The Bridgethorne Shopper Index found a clear desire that own-label goods should be included in the scheme. Two-thirds (67%) of shoppers said they expected price-matching to cover all grocery items, whether branded or own label, with just 26.4% happy for the schemes to include only branded products. Just 6.4% said they felt own-label on its own would be best.
Tesco’s previous Price Promise initiative had compared both branded and own-label products. But when Brand Guarantee went live on 12 October, Tesco chief customer officer Robin Terrell said its customer research had found it was mainly brands shoppers wanted to compare.
With that change and Morrisons’ decision to convert Match & More into a more basic loyalty programme from Monday (2 November), the only retailer now to price-match on brands and own label will be Asda.
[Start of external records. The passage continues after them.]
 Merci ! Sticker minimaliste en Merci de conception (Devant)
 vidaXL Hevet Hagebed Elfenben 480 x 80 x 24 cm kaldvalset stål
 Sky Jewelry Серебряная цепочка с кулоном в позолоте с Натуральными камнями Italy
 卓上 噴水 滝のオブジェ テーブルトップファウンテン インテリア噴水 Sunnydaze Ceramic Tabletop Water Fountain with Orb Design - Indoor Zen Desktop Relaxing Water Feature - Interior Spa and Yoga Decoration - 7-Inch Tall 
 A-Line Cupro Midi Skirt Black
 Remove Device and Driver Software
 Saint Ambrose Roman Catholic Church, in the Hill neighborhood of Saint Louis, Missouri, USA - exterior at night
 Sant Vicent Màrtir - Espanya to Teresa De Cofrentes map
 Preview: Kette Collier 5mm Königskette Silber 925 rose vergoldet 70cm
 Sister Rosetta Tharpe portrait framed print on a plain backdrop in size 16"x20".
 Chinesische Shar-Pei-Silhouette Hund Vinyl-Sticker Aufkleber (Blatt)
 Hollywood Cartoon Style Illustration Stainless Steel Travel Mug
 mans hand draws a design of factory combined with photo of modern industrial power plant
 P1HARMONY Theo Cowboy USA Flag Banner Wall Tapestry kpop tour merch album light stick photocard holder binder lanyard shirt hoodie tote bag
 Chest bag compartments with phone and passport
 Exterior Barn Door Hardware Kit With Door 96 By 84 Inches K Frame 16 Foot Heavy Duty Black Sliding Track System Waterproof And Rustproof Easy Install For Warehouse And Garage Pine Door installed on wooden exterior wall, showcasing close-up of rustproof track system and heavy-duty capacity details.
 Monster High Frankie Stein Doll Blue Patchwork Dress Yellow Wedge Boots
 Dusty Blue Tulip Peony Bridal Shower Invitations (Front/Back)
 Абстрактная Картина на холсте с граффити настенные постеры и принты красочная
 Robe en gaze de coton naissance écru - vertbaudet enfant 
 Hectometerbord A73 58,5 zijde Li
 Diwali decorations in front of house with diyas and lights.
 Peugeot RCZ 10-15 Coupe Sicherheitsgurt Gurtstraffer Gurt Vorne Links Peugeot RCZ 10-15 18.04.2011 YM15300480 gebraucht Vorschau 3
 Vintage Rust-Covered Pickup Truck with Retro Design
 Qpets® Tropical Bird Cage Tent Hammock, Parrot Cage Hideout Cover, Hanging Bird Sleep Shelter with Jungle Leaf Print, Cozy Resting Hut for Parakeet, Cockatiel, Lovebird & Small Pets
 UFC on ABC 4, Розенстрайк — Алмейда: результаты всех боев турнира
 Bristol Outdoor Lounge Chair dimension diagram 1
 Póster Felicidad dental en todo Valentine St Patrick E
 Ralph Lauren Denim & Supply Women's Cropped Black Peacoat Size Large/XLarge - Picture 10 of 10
Overall, the research found a very high level of consumer awareness of the supermarkets’ price-matching activity, with 87% of respondents claiming to be familiar with the schemes. However, it is clear they have a stronger resonance with older shoppers. Almost all (96%) shoppers over 55 were aware of price-matching, compared with 77% of shoppers between 18 and 34.
“Our awareness of and engagement with supermarket loyalty cards and price-matching schemes is now a firmly entrenched aspect of shopper behaviour,” said Bridgethorne joint MD John Nevens.
“If you set these dynamics against a backdrop of an increasingly competitive sector, with the rise of the discounters, conventional loyalty schemes may become obsolete. The key for retailers seems to revolve not only around getting the value for money equation right but also engaging with the emerging younger, even more promiscuous shopper.”